• **The task**: From the records below, transcribe only the lines running from the one with "12 Inch Real" through the one with "Vintage Sky Blue". Keep both of those end lines.

Source information below:

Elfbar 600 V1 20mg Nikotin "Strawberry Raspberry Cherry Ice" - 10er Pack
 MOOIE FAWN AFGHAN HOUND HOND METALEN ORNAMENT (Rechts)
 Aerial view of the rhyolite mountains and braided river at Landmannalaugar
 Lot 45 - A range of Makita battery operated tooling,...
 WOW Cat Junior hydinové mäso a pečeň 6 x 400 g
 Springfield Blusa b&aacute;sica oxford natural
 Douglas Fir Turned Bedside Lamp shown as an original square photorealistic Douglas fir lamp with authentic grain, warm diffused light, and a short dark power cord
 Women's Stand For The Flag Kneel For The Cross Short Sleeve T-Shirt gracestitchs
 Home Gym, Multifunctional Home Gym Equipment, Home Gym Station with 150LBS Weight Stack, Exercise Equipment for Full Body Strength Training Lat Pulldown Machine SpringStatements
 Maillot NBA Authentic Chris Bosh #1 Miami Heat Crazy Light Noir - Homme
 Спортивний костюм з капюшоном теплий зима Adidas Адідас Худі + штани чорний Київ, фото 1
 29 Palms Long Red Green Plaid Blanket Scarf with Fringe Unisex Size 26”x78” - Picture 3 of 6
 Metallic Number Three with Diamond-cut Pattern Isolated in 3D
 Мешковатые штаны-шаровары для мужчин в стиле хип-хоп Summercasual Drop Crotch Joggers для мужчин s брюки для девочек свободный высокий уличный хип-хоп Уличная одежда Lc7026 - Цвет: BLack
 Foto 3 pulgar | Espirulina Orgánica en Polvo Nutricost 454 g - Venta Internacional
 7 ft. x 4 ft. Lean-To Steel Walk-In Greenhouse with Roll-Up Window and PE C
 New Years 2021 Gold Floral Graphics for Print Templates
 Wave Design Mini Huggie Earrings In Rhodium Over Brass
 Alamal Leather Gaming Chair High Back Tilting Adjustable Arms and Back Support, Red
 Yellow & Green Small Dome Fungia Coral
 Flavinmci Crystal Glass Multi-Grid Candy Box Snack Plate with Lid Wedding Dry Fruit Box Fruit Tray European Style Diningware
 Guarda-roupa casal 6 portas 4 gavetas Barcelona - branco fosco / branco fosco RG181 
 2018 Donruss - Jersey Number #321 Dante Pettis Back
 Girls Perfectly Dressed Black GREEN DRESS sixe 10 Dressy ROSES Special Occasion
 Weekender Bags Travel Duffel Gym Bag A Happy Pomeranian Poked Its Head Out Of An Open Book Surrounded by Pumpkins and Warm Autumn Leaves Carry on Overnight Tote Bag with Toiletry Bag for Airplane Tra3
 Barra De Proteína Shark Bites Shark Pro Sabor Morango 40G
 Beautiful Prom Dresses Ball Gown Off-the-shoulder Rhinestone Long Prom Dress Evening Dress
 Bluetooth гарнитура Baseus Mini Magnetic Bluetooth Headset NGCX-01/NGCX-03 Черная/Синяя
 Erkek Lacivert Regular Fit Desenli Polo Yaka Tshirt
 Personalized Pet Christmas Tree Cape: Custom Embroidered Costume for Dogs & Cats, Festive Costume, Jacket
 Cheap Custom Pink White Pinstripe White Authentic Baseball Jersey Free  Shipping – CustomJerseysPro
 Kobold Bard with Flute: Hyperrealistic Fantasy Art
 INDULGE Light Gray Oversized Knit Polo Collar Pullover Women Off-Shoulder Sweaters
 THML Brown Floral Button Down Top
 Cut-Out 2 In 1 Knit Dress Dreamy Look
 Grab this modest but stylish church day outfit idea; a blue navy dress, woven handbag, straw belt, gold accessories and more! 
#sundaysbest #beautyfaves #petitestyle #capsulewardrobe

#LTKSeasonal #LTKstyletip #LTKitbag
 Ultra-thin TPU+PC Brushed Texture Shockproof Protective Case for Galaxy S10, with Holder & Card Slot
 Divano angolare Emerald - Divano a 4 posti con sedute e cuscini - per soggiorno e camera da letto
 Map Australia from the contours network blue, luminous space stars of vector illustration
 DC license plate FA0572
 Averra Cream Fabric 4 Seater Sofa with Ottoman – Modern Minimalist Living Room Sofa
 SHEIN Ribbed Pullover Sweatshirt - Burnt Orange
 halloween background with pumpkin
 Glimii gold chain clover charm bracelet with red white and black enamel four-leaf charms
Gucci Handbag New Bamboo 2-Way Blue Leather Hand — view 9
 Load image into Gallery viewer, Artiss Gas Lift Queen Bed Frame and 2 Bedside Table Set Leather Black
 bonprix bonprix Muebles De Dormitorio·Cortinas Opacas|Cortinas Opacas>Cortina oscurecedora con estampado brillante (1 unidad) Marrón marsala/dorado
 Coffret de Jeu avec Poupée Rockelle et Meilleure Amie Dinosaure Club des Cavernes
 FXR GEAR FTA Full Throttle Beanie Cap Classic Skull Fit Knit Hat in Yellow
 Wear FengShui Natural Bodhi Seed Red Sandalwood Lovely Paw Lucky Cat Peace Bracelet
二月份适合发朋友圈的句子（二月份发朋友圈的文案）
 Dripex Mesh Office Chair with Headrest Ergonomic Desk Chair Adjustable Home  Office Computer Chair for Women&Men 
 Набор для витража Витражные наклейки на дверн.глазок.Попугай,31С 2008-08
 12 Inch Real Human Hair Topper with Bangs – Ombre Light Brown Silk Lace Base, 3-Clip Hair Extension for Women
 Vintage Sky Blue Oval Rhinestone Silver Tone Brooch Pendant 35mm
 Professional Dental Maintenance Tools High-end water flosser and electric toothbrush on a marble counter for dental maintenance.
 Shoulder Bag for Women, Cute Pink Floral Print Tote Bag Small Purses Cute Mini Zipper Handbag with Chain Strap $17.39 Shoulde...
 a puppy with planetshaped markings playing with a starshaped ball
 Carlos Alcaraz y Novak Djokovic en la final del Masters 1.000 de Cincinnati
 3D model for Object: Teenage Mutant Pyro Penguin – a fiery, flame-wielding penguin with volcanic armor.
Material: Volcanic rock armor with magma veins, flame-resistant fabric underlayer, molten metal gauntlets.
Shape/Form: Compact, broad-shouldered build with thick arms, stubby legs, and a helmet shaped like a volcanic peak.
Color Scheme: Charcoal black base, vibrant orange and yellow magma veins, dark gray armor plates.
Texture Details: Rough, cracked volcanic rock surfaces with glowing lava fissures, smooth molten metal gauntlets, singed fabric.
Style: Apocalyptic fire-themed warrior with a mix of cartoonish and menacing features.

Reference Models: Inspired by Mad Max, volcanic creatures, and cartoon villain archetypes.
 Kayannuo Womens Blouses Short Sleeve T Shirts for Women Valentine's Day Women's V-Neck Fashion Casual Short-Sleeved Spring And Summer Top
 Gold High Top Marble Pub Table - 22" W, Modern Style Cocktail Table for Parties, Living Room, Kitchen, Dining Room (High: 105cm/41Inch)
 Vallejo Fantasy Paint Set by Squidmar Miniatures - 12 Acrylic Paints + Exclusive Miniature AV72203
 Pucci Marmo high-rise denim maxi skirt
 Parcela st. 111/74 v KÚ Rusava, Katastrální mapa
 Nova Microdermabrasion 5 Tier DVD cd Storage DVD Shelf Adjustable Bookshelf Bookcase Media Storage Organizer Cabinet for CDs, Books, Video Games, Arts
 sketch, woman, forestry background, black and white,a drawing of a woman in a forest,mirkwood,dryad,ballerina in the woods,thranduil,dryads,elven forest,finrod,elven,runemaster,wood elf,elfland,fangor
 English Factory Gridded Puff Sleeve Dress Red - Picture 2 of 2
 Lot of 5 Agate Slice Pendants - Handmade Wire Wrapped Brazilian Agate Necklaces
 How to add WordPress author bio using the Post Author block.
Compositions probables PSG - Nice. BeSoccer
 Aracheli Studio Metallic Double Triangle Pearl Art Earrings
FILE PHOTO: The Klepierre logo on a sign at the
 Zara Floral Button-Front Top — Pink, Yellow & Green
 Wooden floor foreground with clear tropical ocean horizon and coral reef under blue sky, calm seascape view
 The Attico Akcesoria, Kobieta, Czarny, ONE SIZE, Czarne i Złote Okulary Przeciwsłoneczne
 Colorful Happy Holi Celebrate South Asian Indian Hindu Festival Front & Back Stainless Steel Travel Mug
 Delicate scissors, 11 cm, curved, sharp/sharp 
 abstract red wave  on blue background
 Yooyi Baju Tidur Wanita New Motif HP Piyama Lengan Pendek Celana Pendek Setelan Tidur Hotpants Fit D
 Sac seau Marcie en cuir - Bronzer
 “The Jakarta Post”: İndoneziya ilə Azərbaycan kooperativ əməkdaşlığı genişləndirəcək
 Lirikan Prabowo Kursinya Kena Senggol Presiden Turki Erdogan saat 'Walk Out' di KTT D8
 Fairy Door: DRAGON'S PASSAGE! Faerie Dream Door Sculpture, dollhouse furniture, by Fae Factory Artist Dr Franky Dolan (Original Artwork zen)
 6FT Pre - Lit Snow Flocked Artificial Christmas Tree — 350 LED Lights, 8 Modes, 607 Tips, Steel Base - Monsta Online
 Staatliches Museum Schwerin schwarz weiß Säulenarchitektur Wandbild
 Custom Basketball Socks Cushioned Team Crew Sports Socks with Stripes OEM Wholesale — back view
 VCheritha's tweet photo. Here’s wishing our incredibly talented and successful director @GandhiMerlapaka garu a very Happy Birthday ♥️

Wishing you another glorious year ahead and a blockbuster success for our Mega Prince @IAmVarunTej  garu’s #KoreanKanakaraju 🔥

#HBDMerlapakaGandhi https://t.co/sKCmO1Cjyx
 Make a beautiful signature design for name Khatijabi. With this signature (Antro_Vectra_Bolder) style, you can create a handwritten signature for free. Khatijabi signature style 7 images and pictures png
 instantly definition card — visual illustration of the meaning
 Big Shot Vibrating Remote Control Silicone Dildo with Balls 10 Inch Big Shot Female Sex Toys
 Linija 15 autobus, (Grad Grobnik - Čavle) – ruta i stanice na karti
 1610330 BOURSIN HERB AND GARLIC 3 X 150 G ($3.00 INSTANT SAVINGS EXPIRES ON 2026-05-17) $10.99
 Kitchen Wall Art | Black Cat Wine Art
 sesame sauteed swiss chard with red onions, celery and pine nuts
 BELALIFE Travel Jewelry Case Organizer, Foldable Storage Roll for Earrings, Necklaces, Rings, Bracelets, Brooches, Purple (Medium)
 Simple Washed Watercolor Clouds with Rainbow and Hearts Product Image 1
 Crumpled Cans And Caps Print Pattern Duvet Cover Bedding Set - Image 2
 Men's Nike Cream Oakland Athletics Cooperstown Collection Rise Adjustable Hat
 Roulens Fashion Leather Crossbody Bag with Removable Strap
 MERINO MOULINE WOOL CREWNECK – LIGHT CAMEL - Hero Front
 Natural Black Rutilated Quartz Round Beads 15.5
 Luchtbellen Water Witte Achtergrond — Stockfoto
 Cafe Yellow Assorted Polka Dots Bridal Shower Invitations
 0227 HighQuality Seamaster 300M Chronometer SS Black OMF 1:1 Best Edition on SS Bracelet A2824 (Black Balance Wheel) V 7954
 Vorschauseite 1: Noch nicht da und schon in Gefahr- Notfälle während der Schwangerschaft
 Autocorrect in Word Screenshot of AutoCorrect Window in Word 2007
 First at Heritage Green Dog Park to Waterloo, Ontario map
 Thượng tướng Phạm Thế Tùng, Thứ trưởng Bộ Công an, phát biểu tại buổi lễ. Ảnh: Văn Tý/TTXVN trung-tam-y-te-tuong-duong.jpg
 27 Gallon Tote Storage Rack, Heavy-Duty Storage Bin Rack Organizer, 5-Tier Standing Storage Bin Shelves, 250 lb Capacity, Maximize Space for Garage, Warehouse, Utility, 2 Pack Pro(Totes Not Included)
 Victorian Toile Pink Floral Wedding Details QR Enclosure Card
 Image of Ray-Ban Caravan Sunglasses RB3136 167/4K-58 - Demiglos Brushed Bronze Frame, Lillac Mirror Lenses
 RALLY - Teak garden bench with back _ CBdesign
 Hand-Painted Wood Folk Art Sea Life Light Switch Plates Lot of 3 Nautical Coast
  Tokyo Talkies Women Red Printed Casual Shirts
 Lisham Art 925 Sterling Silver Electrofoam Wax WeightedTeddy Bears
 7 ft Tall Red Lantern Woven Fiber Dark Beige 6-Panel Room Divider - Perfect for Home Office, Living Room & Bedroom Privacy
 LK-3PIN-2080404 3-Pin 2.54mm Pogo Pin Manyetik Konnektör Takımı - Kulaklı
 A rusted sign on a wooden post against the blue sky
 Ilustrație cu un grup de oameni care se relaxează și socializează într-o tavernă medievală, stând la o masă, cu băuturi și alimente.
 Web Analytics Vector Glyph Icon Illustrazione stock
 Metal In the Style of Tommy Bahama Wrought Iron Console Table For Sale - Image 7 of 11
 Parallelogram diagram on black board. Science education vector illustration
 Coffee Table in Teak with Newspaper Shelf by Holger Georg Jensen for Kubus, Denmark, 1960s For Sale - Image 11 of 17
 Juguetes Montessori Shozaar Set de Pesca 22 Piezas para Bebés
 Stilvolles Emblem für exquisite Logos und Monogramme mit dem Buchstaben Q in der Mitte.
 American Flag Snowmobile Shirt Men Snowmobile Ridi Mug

End of Source information.

• **Reply to the task**:
 12 Inch Real Human Hair Topper with Bangs – Ombre Light Brown Silk Lace Base, 3-Clip Hair Extension for Women
 Vintage Sky Blue Oval Rhinestone Silver Tone Brooch Pendant 35mm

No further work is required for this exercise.